During a sightseeing tour of Murmansk, tourists visit a very colorful and curious place - the decommissioned nuclear icebreaker "Lenin", which has become a museum.

     A little history: the construction of the first in the USSR atomic icebreaker began in the summer of 1956 in Leningrad. Its construction became significant for that time: the conquest of the Arctic was proceeding by leaps and bounds, and at that time the question of updating and modernizing the Northern Fleet was acute. The peaceful atom became the service of the people.

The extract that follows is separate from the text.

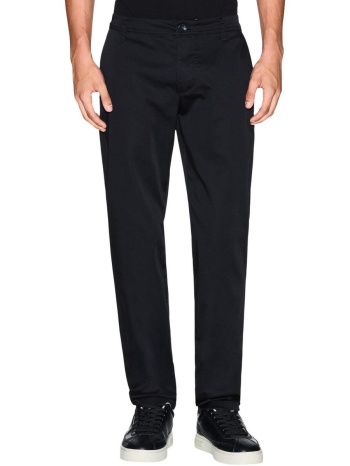 παντελόνια chino/carrot eax xm001162 af13236 |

     Components for the icebreaker were supplied from different parts of the USSR: turbine generators were delivered from Kharkov, ship turbines - from Kirov. More than 500 enterprises participated in the construction of the ship. In 1960, the icebreaker Lenin became part of the Murmansk Shipping Company and the USSR gained tremendous superiority in the development of the Arctic. At the time of the laying, the icebreaker "Lenin" was the first nuclear powered surface ship and the first nuclear powered civil ship. Unlike the icebreaker "Lenin", the cargo-passenger ship "Savannah" with a nuclear power plant, created at about the same time in the USA, had a purely experimental designation. She did not show any obvious economic or other advantages over traditional vessels for the same purpose. The vessel was operated from 1962 to 1969 and after the completion of the planned test program, it was decommissioned (converted into a floating museum), remaining an ordinary episode in the US nuclear program. Civil nuclear shipbuilding in this country did not receive further development.

     In the USSR, on the contrary, the creation of the first nuclear icebreaker laid the foundation for the development of a new high-tech industry - nuclear shipbuilding - and the emergence, ultimately, of a whole fleet of nuclear ships.

     The icebreaker "Lenin" served for 30 years and in 1989 it was decommissioned and put to an eternal stop in the city of Murmansk.